RE: Embedding fonts

Chris Wilson wrote (3:00 PM -0700 5/11/98):

" >Technical and political issues aside (and there are many), I like TrueDoc
" >better [snip]

" Todd, you fail to mention two of the main drawbacks of the TrueDoc format -

See text before snip. Yes, there are lots of arguments, pro and con, for
both formats. I don't pretend to have represented all of them, nor is my
own mind entirely made up.

" >Unfortunately, Netscape (the TrueDoc implementor) doesn't implement enough
" >CSS to let you embed fonts through CSS. You still have to muck around in
" >the HTML, against the recommendations of the HTML 4.0 Specification.
" 
" Is this really against the recommendation of the HTML4 spec?  It's a bit of
" a hack, to be sure, but they just use a META tag, which I don't think is
" very strenuously defined in HTML 4.0.

They use LINK with the invalid SRC attribute.

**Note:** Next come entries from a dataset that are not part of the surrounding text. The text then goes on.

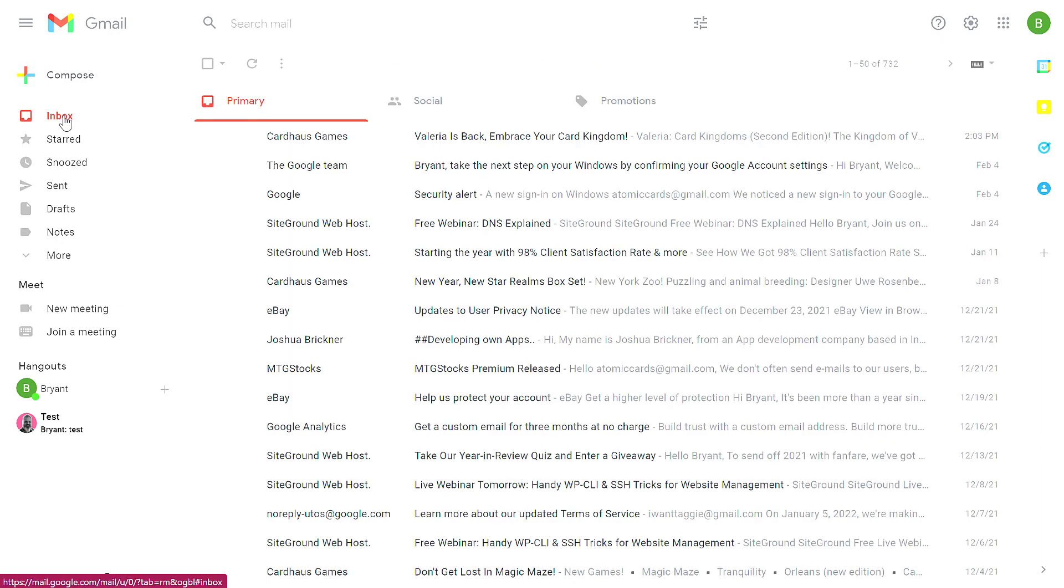Click on the inbox. You'll see that none of these messages are bold and all of them are marked as read. And that's how you mark all messages as read in Gmail.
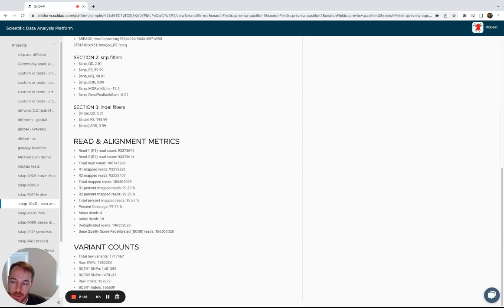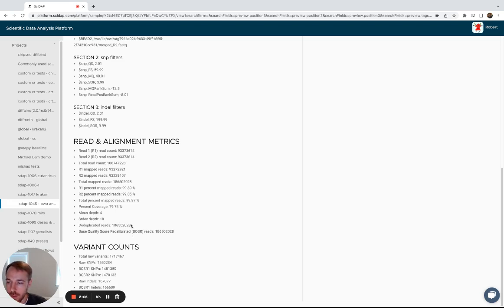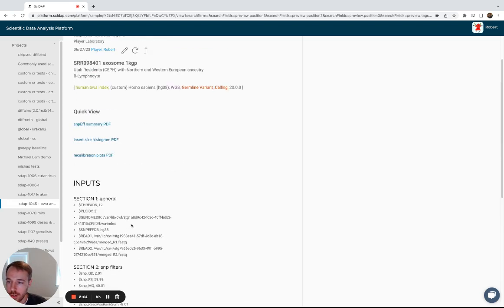Some read and alignment metrics, and then variant counts. So total counts, counts for SNPs and indels, both before and after base quality score recalibration.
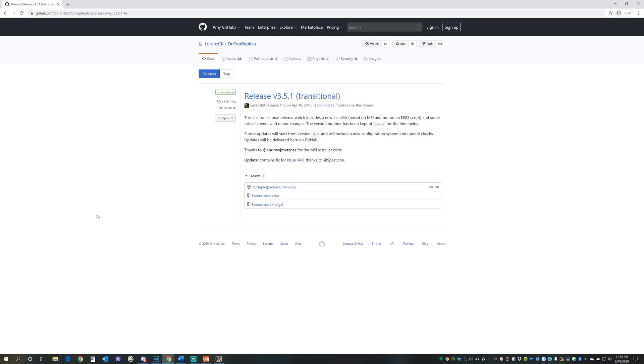So how do we get On Top Replica? You can download it from the link that I'm going to include in the description. Once it's downloaded, you're going to extract it, install it, and what I find best is to add it to the taskbar so that you can always access it when you have your programs open. So let's go take a look at what it does.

This is trivial IMO, but the
point remains that you can't manage the presentational aspects of a
document without write access to it - beyond a stylesheet link - which I
take to be the CSS ideal. I see these more as problems with Netscape's CSS
support than with TrueDoc per se, but from a practical POV they're the same
thing.
 
" You can, in fact, specify a list of different formats in the CSS @font-face
" rules for the UA to select.  Even so, though, the designer would need to
" create two copies of the font (one as Embedded OpenType, one as TrueDoc),
" presuming you didn't want to insert the TrueDoc ActiveX control in your
" pages.  If you're going to build two copies of the font anyway, you can use
" the CSS2 syntax IE4 uses for the EOT file, and the META syntax Nav uses -
" neither will interfere with each other.

This is news to me, too, and very welcome. Thanks.


Todd Fahrner
mailto:todd@lowbrow.com
http://www.verso.com/agitprop/

The printed page transcends space and time. The printed page, the
infinitude of books, must be transcended. THE ELECTRO-LIBRARY.